■ Aim of the exercise:
Below are some records. Quote exactly the lines from the one that contains "یه جفت کفتر" through the last, both included, and leave out the pictures.

(Records from a dataset)

>>>

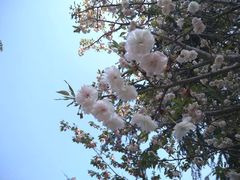 -南山植物园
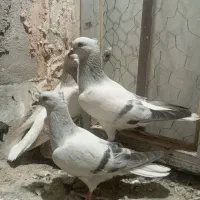 یه جفت کفتر  شامی دم سفید با جوجشون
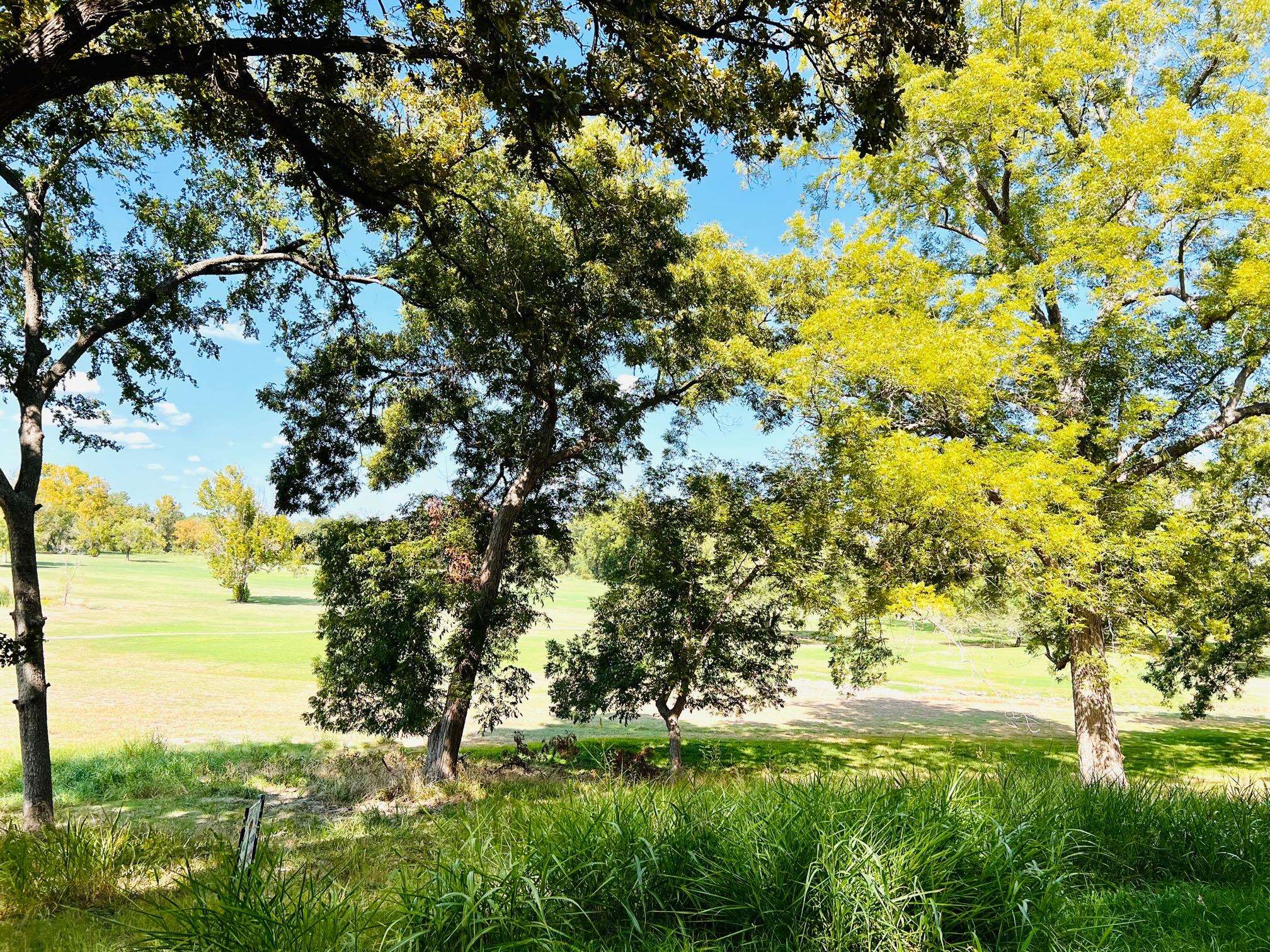 TBD Country Club CT, La Grange, TX 78945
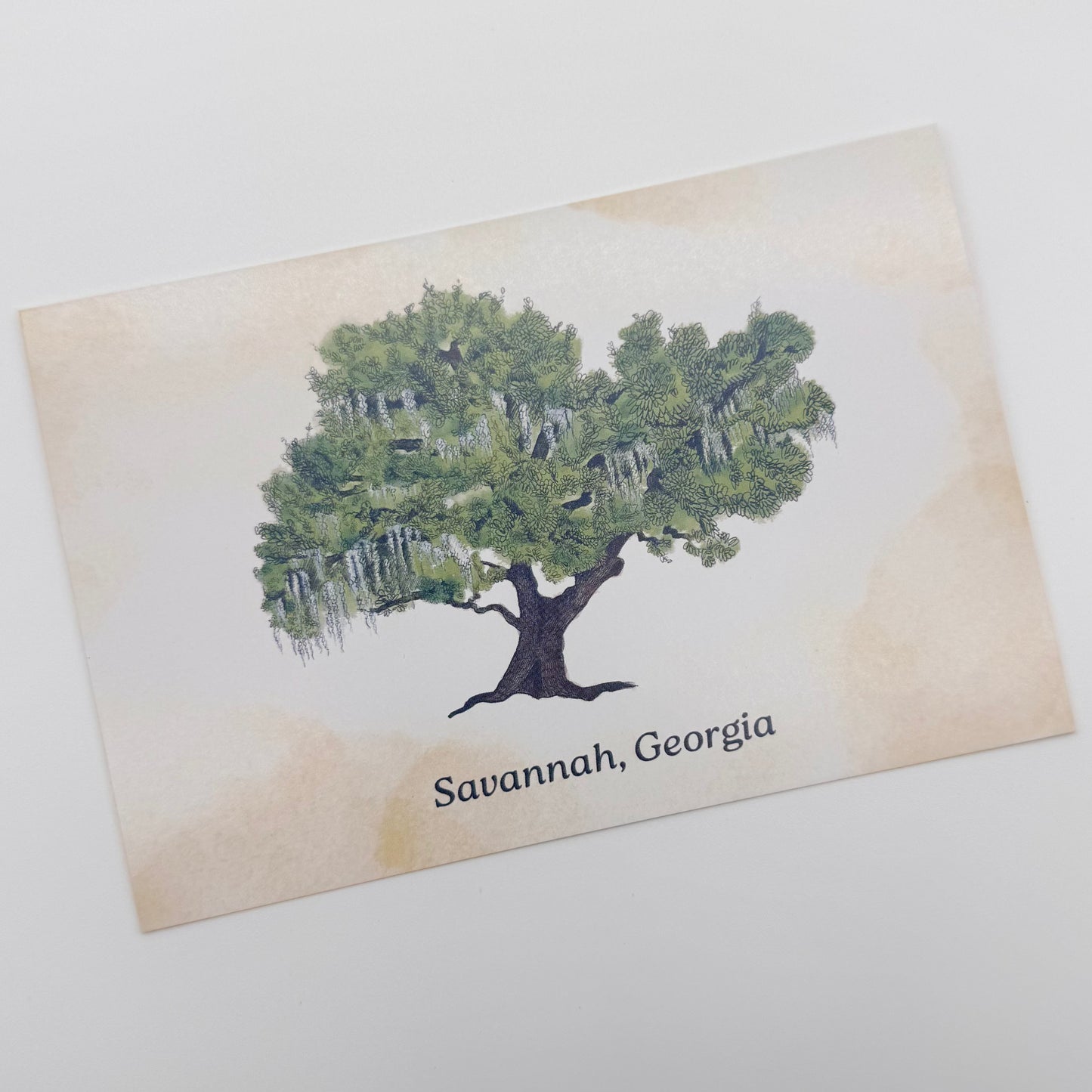 Live Oak Savannah Postcard
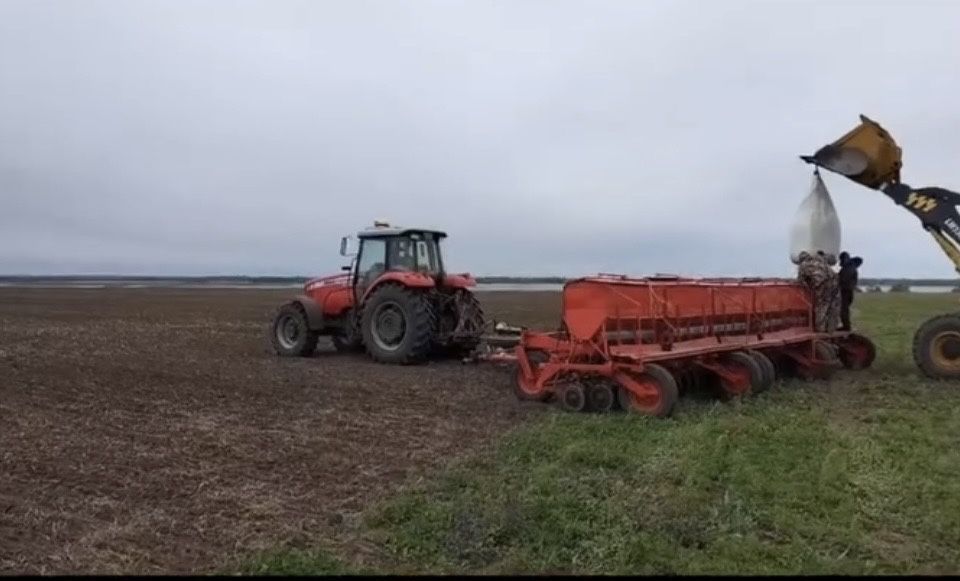 Сеялка сзт продам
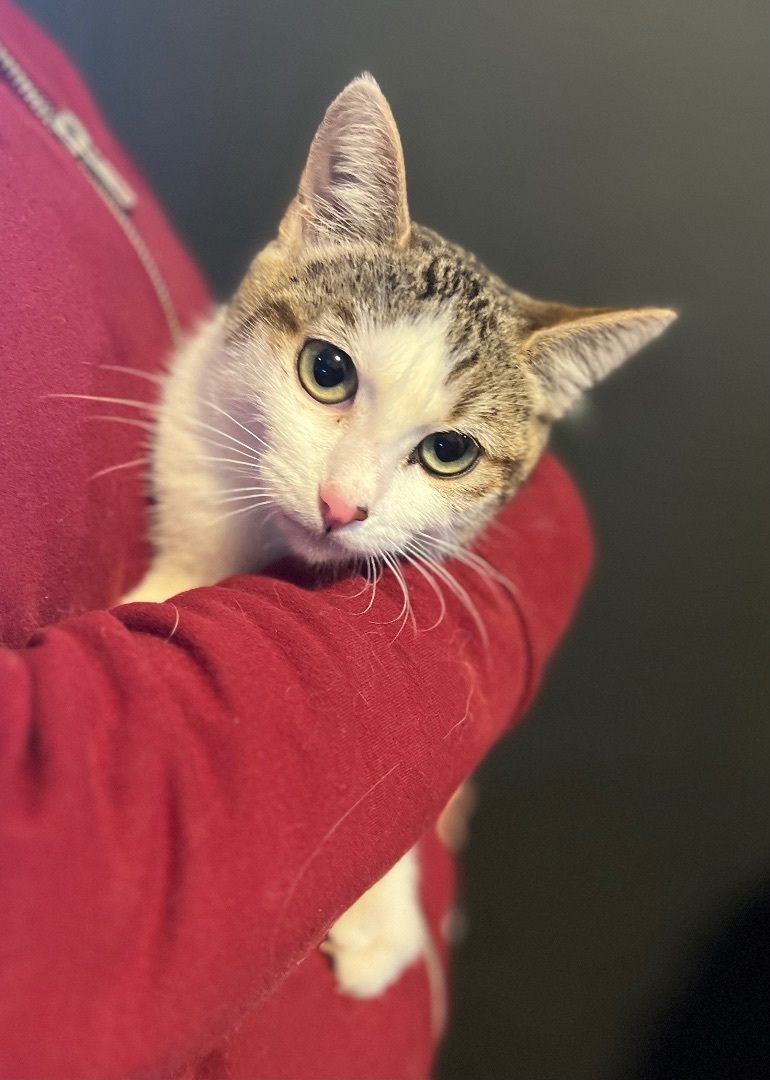 Mimi, a Adoptable Domestic Short Hair in Seattle, WA image 2/3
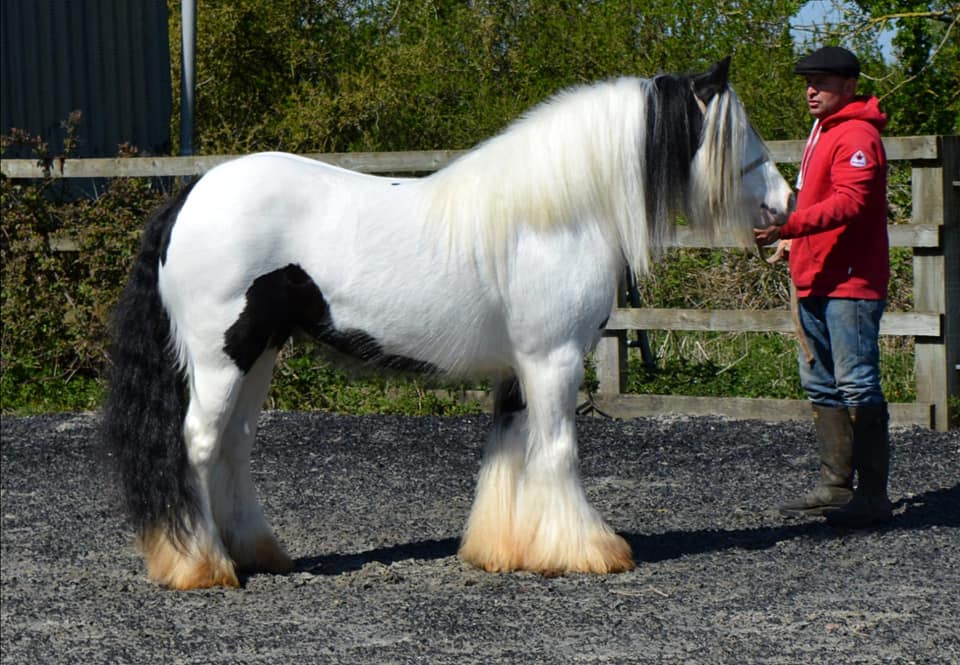 Stal van 't Heideveld : box et paddocks, pension pour chevaux à Zuidwolde - Photo 1 sur 2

<<<

■ Solved problem:
 یه جفت کفتر  شامی دم سفید با جوجشون
 TBD Country Club CT, La Grange, TX 78945
 Live Oak Savannah Postcard
 Сеялка сзт продам
 Mimi, a Adoptable Domestic Short Hair in Seattle, WA image 2/3
 Stal van 't Heideveld : box et paddocks, pension pour chevaux à Zuidwolde - Photo 1 sur 2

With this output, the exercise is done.